Phenols are indispensable in synthesis and constitute a privileged structural scaffold present in pharmaceuticals, natural products and synthetic polymers, among many other applications.¹ Consequently, considerable attention has been focused on the synthesis of phenol and its derivatives.² Traditional methods include nucleophilic aromatic substitution of aryl halides,³ transition-metal catalyzed processes,⁴ hydroxylation of benzene,⁵ oxidation of cumene⁶ and hydrolysis of diazo compounds.⁷ These methods have some major limitations, including harsh reaction conditions, reagent toxicities and the need for additives and complex ligands. The ipso-hydroxylation of boronic acids is an alternative route for the synthesis of phenols which avoids many of the problems with previous approaches. The boronic acids have low toxicity, higher stability in air, are easy to handle and display high functional group diversity.
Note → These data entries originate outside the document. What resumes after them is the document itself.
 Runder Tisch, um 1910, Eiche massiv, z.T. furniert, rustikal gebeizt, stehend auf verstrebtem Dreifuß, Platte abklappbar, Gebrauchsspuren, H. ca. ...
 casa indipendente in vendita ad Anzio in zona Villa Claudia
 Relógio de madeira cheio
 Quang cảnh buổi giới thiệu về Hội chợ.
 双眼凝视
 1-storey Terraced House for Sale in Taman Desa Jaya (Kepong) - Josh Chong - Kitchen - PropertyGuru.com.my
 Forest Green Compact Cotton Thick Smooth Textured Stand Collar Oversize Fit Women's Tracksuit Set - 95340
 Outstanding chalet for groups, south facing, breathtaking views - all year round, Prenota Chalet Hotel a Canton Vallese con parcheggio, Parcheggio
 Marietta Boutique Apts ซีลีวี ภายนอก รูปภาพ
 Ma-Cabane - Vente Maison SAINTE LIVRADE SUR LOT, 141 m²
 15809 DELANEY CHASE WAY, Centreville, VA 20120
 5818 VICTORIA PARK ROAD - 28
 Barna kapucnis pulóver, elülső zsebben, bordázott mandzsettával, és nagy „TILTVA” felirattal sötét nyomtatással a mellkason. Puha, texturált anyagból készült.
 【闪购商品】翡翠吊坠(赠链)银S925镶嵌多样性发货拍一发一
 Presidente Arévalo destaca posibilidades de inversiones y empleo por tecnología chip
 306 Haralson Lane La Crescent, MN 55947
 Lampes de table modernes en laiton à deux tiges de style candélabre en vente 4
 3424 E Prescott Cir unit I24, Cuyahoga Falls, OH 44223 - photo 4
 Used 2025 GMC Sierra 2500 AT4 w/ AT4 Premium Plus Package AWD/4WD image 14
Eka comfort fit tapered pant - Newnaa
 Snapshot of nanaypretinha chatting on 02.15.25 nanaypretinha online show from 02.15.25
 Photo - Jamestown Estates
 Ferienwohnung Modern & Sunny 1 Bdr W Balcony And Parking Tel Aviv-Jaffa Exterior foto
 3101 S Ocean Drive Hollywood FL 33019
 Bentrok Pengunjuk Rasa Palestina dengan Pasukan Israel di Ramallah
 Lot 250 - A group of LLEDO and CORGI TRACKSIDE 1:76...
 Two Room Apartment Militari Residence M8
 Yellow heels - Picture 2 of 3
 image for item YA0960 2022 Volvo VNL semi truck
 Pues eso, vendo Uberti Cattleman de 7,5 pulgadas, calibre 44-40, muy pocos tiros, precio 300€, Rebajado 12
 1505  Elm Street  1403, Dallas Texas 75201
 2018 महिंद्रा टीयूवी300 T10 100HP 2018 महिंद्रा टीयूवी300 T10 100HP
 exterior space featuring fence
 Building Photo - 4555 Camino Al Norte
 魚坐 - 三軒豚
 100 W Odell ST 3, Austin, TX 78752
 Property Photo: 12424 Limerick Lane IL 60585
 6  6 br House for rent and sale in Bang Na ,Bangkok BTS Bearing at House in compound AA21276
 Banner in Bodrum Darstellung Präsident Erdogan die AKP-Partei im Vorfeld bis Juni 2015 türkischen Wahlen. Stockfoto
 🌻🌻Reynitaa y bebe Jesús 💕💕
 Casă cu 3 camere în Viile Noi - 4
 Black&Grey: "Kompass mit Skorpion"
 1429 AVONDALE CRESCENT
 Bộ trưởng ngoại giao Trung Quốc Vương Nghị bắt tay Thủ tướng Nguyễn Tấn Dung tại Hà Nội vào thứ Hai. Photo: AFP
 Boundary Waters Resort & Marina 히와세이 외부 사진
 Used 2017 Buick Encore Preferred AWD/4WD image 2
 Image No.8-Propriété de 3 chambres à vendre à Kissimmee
Aryl and heteroarylboronic acids are readily available and have been employed in several studies on ipso-hydroxylation chemistry. These mainly involved transition metal catalysis⁸ (Scheme 1A-i), photocatalysis⁹ (Scheme 1A-ii) or stoichiometric oxidants such as H₂O₂,¹⁰ oxone,¹¹ N-oxides,¹² organic hypervalent iodine(III),¹³ benzoquinone,¹⁴ mCPBA,¹⁵ NaBO₃ (ref. 16) and molecular oxygen¹⁷ (Scheme 1A-iii). Moreover, numerous variants have been reported recently for the synthesis of substituted phenols from boronic acids.¹⁸ Despite the high efficiency of many of these protocols, they are often characterized by high temperatures and long reaction times, the use of transition metals, necessity of strong base addition and the use of harmful solvents. Furthermore, in many of these methods, scaled-up synthesis of phenols has not been demonstrated. When summarizing published papers on the use of hydrogen peroxide,^18g as one of the simplest and most available green oxidants, surprisingly, we find that virtually all of them report using extra additives of some kind and relatively long reaction times.

Scheme 1 Ipso-hydroxylation of phenylboronic acids.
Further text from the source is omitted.